I looked over at Blake and said “It’s your fault.”
“Mine?” Blake asked. I could tell by his face he was both amused and yet so confused by this accusation of mine.
“You’re the one who provided the other half of the baby’s DNA.”
“I did, but you’re the one carrying her!”
“If men had to give birth the human population would drop dramatically.”
Blake raised an eyebrow, “Are you saying that the human race would go extinct?”
“No, but I think men would only go through the labor process once.”
Blake paused and pursed his lips, “There was a short story about that once. I forget the name but I remember the basic outline of the story.”
“That certainly escalated quickly,” I laughed.
“You started that one!”
I did enjoy exchanging banter with Blake like this. I didn’t know how many married or in love couples did this but it was fun. I suppose we all show our amusement and love in different ways.
It turns out the after school program did indeed open before the baby arrived. Technically it opened right before I had to be rushed to the hospital as the baby was now coming!
You never really do forget the doctor’s scientific announcement of “we need a mop in here” when your water breaks.
Why did I suspect something out of an old cartoon where someone walking in was to suddenly slip in it to some old sound effect? Maybe the Wilhelm Scream needed to be added for good measure.
When your body begins to start pushing a tiny body out of itself you begin to think of odd things. At least I did as my mind went to all the things that could happen to a woman when going through labor. Your mind has a fun
ny way of doing things.
At first I had wanted to have a natural birth due to all the stories I had heard about the epidurals and the complications that could arise including a longer labor. By the time I wanted that epidural it was too late so it was a natural birth all the way.

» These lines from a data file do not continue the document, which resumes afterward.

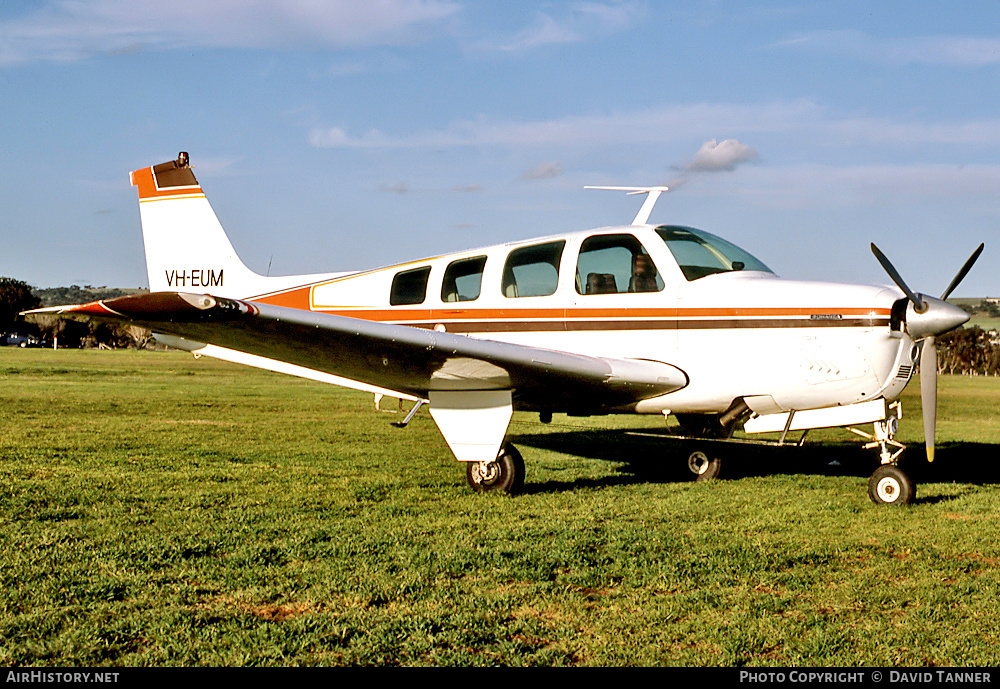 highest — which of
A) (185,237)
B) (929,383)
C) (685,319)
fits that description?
(185,237)

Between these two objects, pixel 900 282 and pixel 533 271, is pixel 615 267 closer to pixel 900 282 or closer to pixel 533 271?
pixel 533 271

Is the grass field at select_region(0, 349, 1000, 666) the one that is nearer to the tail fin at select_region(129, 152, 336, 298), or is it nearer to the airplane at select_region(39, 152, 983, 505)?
the airplane at select_region(39, 152, 983, 505)

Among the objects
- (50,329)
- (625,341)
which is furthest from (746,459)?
(50,329)

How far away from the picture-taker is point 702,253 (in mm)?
7984

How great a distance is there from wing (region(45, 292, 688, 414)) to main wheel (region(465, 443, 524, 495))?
667 millimetres

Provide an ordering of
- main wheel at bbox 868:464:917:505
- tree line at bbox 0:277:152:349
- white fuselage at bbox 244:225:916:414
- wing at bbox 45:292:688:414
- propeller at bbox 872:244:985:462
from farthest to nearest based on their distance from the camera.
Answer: tree line at bbox 0:277:152:349
main wheel at bbox 868:464:917:505
white fuselage at bbox 244:225:916:414
propeller at bbox 872:244:985:462
wing at bbox 45:292:688:414

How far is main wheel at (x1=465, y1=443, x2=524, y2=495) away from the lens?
7906mm

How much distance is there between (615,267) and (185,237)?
6.34 m

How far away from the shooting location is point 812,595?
463cm

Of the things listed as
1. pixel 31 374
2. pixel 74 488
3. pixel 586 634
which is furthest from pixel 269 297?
pixel 31 374

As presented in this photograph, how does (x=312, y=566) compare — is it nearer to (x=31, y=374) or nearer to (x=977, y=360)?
(x=31, y=374)

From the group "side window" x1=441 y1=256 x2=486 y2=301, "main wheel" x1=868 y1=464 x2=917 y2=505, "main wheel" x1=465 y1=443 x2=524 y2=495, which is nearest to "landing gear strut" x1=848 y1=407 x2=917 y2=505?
"main wheel" x1=868 y1=464 x2=917 y2=505

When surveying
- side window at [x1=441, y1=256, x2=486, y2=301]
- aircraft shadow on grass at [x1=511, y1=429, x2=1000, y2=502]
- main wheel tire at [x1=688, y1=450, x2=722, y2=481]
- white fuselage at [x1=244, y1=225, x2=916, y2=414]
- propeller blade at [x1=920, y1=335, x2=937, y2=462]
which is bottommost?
aircraft shadow on grass at [x1=511, y1=429, x2=1000, y2=502] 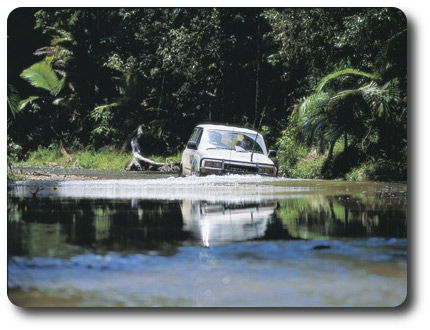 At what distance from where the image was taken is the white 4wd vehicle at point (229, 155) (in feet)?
31.0

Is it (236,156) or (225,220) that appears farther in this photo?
(236,156)

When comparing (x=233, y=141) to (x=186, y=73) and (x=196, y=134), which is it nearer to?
(x=196, y=134)

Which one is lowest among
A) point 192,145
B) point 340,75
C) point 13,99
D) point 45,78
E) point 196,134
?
point 192,145

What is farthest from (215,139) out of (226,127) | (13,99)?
(13,99)

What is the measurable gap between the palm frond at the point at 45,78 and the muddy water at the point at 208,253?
1.20m

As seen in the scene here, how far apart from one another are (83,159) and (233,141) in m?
2.26

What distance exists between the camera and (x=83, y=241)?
546 centimetres

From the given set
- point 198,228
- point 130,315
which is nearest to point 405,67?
point 198,228

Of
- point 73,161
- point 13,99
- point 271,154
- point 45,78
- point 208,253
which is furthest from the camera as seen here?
point 271,154

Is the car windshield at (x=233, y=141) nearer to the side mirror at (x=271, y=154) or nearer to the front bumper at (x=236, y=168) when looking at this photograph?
the side mirror at (x=271, y=154)

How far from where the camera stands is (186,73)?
316 inches

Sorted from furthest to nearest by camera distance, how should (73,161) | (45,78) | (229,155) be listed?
(229,155) < (73,161) < (45,78)

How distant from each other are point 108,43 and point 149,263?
11.7 feet

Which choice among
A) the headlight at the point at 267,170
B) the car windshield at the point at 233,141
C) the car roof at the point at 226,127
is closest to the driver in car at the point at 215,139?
the car windshield at the point at 233,141
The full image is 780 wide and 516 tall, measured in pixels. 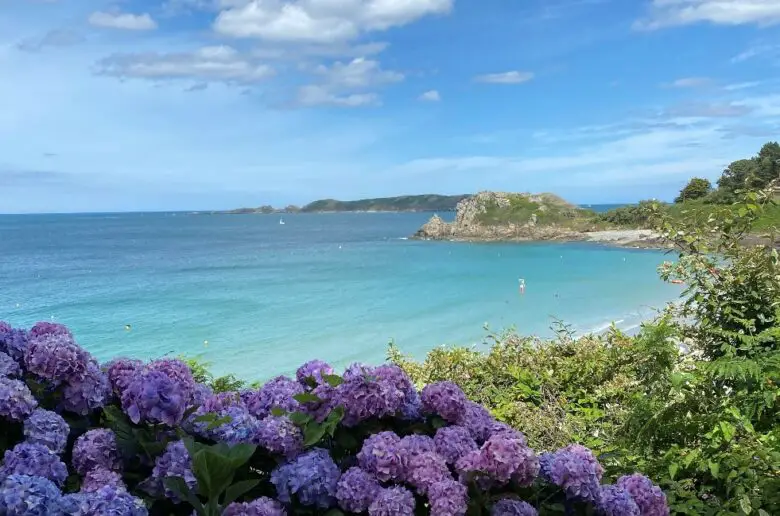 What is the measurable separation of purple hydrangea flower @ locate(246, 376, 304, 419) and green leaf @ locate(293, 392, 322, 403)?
70mm

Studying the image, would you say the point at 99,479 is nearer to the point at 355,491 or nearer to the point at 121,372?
the point at 121,372

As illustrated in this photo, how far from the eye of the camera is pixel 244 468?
6.17ft

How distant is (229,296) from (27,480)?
34212mm

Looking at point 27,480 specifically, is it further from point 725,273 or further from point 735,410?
point 725,273

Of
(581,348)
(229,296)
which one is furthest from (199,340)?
(581,348)

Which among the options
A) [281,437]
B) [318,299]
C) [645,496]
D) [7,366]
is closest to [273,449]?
[281,437]

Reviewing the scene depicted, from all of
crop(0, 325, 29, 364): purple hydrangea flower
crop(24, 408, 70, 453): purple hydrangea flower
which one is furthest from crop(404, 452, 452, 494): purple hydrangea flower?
crop(0, 325, 29, 364): purple hydrangea flower

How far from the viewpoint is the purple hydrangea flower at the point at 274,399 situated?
80.4 inches

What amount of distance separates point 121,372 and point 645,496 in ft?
5.66

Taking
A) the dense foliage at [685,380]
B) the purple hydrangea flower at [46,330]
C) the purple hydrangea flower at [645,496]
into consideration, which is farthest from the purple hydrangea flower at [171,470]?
the dense foliage at [685,380]

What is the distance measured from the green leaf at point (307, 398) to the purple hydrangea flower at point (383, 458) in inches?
9.2

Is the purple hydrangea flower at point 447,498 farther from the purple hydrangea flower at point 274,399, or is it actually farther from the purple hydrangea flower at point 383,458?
the purple hydrangea flower at point 274,399

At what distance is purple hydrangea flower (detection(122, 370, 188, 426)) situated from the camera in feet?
5.97

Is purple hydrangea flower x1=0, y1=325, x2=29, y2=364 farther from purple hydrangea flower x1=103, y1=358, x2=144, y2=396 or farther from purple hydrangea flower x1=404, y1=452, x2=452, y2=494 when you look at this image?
purple hydrangea flower x1=404, y1=452, x2=452, y2=494
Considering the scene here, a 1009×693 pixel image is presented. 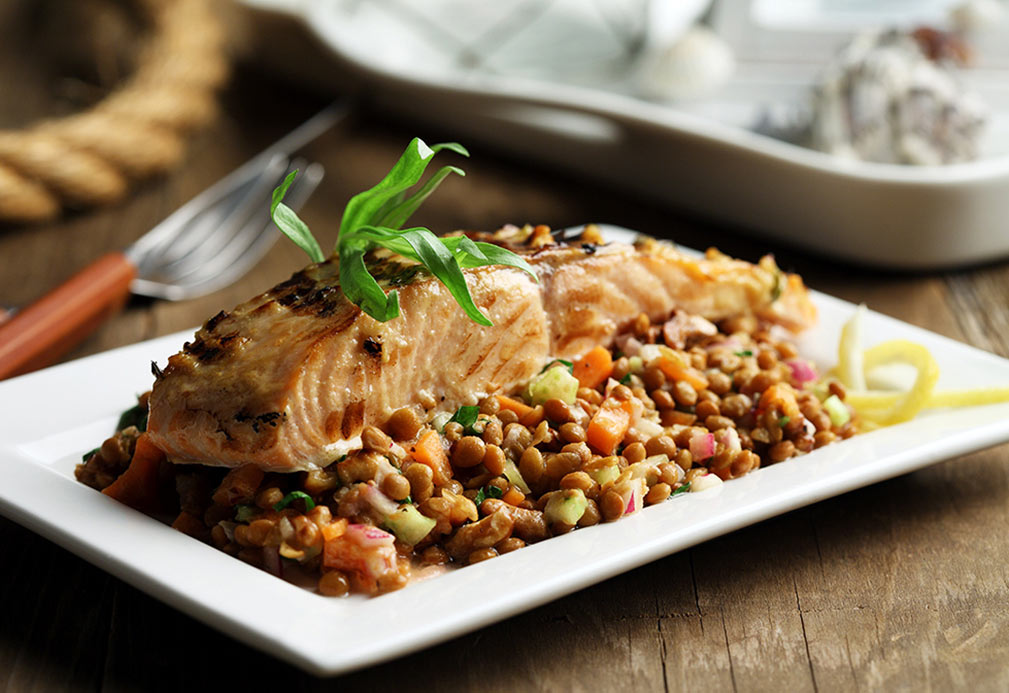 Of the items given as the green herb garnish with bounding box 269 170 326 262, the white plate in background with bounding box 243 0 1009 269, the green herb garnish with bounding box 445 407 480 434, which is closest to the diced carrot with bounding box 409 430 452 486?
the green herb garnish with bounding box 445 407 480 434

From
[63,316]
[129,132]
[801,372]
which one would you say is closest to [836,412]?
[801,372]

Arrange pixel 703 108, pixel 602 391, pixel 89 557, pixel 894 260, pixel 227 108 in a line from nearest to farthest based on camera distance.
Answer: pixel 89 557 < pixel 602 391 < pixel 894 260 < pixel 703 108 < pixel 227 108

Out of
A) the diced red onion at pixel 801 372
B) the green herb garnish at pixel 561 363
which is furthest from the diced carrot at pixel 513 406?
the diced red onion at pixel 801 372

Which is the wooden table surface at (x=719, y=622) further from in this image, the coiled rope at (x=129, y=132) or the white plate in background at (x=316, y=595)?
the coiled rope at (x=129, y=132)

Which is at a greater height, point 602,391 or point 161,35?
point 161,35

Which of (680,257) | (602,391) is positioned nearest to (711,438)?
(602,391)

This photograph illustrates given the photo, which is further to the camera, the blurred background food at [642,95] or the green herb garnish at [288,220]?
the blurred background food at [642,95]

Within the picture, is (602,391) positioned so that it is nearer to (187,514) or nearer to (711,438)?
(711,438)

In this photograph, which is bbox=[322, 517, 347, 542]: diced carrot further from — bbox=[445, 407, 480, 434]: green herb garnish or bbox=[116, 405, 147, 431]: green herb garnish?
bbox=[116, 405, 147, 431]: green herb garnish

Like my mother before me I screamed at my husband with each contraction. I even went as far as to tell him if he ever entered the same building as me they would never unearth his body.
Blake said nothing, which due to the circumstances, was probably a wise thing. I already had a death grip on his hand.
If it was true mothers would forget about the birthing process after the baby was born I welcomed that idea.
“You did this to me!” I screamed at Blake.
At the time I couldn’t tell if Blake was going to say something or if he was about to faint. Were all fathers to be like this or was it just him? Perhaps it was the threat or the sight of blood?
Birthing a child was not that clean and orderly experience we had all been told it was. The media lied to us! If I had known this was what went into it I might have decided not to go through with it.
When I heard the baby cry I had forgotten what I thought and felt in that instant. Before me now was a tiny baby…that was practically flipping us off. Clearly she was not happy about having been born.
“Well, that’s one that’s not for the baby book,” Blake said.
“Mom said I did the same during her ultrasound,” I told him before looking at the doctor and giving an order, “Give me my baby!”
The baby was average length, weight, and had a set of lungs on her. It would be amazing if the entire hospital couldn’t hear those little lungs screaming away.
“Now, the next one should be easier,” I said. “Mom always said the first birth is the longest and hardest.” I looked to Blake, “Why are you grinning like that?”
“I think our mothers were right in that mothers always forget the labor process after the baby is born.”
Blake and I had decided to name her Elizabeth Rose after both of our grandmothers.
She was the most beautiful baby I had ever seen and in my opinion that was not just motherly bias talking. She was the most beautiful baby.
Between the after school program opening and the birth of Elizabeth Rose my life felt complete and perfect.
I never would have thought that someone from my middle class background could find and marry such a wonderful man and have such a beautiful child. Yet, it happened and life was perfect.